Considering that I've never studied quantum mechanics before I have need to understand the operator commutator. My start is: $[A,B]=AB-BA \tag{a}$
Now, why must be
$$\left[\frac{\partial }{\partial x},x\right]\stackrel{?}{=}1 \tag{1}$$ I have thought, from the rule (a),
This identity $$\left[x,\frac{\partial }{\partial x}\right]=-1 \tag{2}$$ is easy because $[A,B]=-[B,A]$. I have not understood, also, (3) and (4) $$\left[i\hslash\frac {\partial}{\partial x},x\right]=i\hslash \tag{3}$$
$$[p_x,x]=i\hslash \tag{4}$$ where $p_x$ is the momentum on $x-$ axis.
Answer
Equations (a), (1), (2), (3) and (4) all are operator equations. Therefore you need to understand what an operator equation actually is.

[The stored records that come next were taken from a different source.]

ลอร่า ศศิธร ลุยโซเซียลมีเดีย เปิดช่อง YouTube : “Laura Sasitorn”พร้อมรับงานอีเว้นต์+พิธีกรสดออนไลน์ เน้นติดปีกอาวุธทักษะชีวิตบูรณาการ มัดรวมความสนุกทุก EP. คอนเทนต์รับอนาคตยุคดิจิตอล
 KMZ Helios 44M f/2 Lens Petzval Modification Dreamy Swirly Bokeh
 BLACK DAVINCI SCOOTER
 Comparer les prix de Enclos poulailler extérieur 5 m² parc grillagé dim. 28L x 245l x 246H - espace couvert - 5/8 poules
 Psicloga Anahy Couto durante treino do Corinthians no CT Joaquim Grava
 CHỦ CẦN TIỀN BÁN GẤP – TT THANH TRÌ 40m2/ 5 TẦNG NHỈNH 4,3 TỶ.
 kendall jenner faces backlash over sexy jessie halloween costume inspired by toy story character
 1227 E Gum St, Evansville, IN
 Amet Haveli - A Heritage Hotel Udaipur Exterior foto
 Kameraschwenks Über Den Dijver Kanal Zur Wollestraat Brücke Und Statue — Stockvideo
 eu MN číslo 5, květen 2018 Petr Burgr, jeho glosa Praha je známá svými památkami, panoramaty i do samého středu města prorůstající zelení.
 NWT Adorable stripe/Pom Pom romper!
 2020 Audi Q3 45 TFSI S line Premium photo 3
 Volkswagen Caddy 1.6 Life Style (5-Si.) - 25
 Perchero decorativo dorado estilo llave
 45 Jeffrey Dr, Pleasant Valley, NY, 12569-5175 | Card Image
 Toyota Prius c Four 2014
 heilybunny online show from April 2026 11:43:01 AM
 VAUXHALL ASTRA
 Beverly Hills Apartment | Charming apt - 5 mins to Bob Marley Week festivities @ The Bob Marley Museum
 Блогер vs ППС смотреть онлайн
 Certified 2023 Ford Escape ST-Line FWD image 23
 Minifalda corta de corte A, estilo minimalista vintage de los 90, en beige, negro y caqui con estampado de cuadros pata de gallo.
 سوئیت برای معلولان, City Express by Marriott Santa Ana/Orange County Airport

Now, why must be $$ \left[\frac{\partial }{\partial x},x\right]\stackrel{?}{=}1 \tag{1}$$
That means, the operators on the left-hand-side and on the right-hand-side always yield the same result when applied to arbitrary functions.
Hence, here you must prove that $$ \left[\frac{\partial}{\partial x},x\right] \psi(x) = 1\cdot \psi(x) $$ for every function $\psi(x)$.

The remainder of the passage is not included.